2. Ciascuno dei contraenti può recedere dal contratto prima della scadenza del termine, qualora si verifichi una causa che, ai sensi dell’art. 2119 c.c., non consenta la prosecuzione, anche provvisoria, del rapporto, ovvero per impossibilità sopravvenuta.
3. Il contratto può essere inoltre risolto:
- per la mancata predisposizione della relazione da parte del contrattista, oppure la mancata sua validazione da parte del Responsabile Scientifico della ricerca, in ogni caso previa delibera del Consiglio di Dipartimento;
- per violazioni del Codice etico e di comportamento dell’Ateneo che, per la loro gravità, non rendano possibile la prosecuzione del rapporto di lavoro;
- per l’annullamento della procedura di reclutamento;
- per mancato superamento del periodo di prova;
- per ogni ulteriore causa di risoluzione prevista dalla normativa vigente.

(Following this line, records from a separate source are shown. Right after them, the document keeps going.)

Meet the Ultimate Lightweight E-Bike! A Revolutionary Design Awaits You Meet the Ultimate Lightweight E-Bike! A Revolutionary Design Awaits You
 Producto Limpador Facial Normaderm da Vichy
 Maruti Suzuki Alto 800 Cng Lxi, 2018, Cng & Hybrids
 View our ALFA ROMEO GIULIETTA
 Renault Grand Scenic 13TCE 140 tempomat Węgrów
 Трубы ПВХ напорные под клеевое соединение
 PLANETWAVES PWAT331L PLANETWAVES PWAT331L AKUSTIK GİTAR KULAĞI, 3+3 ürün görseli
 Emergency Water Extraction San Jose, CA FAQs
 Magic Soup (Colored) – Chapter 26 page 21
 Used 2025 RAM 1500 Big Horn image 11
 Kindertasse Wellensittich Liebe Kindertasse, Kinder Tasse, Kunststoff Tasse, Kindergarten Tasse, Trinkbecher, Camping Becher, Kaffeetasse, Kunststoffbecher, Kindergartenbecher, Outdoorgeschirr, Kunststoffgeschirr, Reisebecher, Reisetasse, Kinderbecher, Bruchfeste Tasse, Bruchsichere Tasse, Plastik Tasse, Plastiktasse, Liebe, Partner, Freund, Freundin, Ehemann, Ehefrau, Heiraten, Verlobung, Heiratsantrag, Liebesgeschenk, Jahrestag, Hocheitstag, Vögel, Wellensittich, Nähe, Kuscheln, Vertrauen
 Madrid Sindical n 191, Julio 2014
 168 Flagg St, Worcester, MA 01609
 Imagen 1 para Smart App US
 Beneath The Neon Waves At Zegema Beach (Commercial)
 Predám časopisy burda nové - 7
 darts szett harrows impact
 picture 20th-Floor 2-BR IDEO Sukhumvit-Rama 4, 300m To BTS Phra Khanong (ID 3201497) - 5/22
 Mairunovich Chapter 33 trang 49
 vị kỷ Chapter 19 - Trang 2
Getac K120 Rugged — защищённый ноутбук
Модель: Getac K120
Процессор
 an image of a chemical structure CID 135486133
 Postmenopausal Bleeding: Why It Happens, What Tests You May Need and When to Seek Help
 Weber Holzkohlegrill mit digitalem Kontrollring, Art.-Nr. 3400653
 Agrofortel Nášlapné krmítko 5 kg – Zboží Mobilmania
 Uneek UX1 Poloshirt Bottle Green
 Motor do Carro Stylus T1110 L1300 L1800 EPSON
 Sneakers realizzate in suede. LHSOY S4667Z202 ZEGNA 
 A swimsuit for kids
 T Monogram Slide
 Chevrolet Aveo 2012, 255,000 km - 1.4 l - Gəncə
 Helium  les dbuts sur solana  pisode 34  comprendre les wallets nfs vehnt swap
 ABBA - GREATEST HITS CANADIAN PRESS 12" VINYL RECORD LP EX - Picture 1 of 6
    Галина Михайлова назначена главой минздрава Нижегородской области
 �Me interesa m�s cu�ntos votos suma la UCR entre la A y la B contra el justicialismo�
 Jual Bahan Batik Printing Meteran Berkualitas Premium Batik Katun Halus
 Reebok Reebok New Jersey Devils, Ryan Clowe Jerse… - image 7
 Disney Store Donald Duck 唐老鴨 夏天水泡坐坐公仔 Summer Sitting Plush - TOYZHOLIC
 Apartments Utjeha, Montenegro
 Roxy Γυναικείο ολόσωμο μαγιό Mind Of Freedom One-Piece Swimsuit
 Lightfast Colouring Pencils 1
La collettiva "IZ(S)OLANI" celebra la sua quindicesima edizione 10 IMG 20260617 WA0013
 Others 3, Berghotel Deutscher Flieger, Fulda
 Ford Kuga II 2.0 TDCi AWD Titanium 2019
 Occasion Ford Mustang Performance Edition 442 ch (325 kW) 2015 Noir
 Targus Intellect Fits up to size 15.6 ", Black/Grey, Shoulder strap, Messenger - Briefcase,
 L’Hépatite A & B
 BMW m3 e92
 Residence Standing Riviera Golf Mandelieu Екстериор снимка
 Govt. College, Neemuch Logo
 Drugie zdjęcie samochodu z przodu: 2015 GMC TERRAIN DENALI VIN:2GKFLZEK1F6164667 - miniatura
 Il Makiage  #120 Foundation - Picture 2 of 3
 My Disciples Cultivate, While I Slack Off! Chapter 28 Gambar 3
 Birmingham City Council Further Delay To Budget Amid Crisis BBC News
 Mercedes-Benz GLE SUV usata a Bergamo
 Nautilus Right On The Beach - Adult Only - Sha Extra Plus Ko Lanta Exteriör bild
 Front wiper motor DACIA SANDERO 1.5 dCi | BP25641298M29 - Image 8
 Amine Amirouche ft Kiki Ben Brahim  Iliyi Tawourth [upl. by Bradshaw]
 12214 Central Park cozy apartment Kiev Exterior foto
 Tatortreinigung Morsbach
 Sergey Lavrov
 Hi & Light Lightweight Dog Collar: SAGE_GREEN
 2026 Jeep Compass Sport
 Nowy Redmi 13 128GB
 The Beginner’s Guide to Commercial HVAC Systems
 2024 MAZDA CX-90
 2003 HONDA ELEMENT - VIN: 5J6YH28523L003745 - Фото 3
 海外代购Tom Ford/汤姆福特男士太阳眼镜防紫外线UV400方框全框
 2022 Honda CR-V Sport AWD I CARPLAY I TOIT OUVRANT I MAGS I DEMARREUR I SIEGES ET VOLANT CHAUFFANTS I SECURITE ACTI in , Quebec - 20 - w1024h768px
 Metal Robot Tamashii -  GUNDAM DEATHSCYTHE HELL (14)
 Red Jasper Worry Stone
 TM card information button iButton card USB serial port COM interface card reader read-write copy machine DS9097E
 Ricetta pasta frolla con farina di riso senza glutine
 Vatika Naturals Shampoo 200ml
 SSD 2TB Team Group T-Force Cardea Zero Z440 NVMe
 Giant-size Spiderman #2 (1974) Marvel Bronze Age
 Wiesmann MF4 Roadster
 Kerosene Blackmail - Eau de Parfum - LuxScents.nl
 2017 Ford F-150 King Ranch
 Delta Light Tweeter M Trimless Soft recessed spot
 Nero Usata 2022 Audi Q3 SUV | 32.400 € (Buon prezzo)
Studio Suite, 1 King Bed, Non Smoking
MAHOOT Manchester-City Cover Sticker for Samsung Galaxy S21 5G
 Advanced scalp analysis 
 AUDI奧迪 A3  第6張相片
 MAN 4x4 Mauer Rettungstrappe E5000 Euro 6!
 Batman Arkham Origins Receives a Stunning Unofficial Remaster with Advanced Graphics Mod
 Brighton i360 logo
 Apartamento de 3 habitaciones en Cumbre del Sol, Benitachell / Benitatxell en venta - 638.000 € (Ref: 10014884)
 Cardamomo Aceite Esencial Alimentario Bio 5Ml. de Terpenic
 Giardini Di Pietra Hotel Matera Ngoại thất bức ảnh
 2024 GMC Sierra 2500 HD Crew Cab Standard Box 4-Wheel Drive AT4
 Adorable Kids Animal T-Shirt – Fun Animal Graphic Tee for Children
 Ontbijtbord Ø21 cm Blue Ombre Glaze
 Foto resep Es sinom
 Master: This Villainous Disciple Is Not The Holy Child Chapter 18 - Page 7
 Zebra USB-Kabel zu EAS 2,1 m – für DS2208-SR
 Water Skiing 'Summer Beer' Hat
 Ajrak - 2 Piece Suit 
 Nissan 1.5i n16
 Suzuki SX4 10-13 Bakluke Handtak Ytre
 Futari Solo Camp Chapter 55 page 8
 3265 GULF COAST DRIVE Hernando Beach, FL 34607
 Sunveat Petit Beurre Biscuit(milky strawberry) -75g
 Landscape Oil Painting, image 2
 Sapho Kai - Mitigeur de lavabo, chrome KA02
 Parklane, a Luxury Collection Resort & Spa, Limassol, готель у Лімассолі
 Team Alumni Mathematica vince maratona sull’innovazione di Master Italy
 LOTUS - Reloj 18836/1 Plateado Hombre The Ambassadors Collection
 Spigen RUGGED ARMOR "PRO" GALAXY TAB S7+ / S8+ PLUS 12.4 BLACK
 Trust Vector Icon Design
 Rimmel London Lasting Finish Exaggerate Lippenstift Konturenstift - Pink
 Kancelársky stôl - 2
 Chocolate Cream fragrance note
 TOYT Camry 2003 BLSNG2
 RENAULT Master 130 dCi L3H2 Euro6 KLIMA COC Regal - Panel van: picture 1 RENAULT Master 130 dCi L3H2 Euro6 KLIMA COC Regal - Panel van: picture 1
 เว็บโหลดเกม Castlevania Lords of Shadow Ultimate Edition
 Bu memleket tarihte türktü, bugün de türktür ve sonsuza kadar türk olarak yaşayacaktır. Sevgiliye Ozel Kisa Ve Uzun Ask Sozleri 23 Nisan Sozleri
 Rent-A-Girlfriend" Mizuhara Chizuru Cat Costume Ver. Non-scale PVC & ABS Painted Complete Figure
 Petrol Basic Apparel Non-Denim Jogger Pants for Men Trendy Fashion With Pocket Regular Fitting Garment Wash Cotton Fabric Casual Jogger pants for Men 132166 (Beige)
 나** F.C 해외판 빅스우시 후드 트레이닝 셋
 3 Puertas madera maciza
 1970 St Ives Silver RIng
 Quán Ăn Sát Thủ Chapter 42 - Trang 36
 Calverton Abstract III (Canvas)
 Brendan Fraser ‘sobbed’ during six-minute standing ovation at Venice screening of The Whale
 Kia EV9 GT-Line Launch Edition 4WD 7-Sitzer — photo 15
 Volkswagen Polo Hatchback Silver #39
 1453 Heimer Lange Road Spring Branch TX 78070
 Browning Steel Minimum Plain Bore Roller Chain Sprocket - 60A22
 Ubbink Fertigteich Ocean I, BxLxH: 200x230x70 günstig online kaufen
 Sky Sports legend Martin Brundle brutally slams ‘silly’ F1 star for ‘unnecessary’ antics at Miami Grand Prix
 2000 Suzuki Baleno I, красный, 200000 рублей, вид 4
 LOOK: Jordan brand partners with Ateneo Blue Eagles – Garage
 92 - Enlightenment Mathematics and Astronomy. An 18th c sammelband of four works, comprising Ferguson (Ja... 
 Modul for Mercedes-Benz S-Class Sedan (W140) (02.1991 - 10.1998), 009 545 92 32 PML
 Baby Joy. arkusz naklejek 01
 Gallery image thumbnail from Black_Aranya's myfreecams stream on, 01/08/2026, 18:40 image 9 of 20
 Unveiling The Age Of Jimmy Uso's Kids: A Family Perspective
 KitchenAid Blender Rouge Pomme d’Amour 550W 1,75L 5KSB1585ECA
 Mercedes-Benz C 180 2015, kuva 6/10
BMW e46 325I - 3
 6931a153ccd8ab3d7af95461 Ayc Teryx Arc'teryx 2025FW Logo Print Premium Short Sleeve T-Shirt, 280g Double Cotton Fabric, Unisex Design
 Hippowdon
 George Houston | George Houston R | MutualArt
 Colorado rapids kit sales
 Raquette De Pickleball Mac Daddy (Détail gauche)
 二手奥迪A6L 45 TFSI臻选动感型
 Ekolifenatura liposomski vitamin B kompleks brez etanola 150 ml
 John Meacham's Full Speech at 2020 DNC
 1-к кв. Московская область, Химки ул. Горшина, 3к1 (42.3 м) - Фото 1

4. Durante il periodo di prova il contrattista può recedere dal contratto, in qualsiasi momento, senza obbligo di preavviso né di indennità sostitutiva del preavviso. Successivamente alla scadenza del periodo di prova, il contrattista può recedere per iscritto dando un preavviso pari ad almeno 30 giorni. In caso di mancato preavviso l’Amministrazione tratterrà al contrattista un importo corrispondente alla retribuzione per il periodo di preavviso non dato. Tale penale può essere esclusa qualora il contrattista receda per:
- opzione per l’ufficio di ricercatore o professore universitario di ruolo;
- assunzione presso enti pubblici e/o privati, nel caso in cui l’interessato dimostri o dichiari, sotto la propria responsabilità, di essere stato impossibilitato a rispettare il termine di preavviso;
- gravi e imprevedibili motivi di carattere personale o familiare dichiarati dall’interessato sotto la propria responsabilità.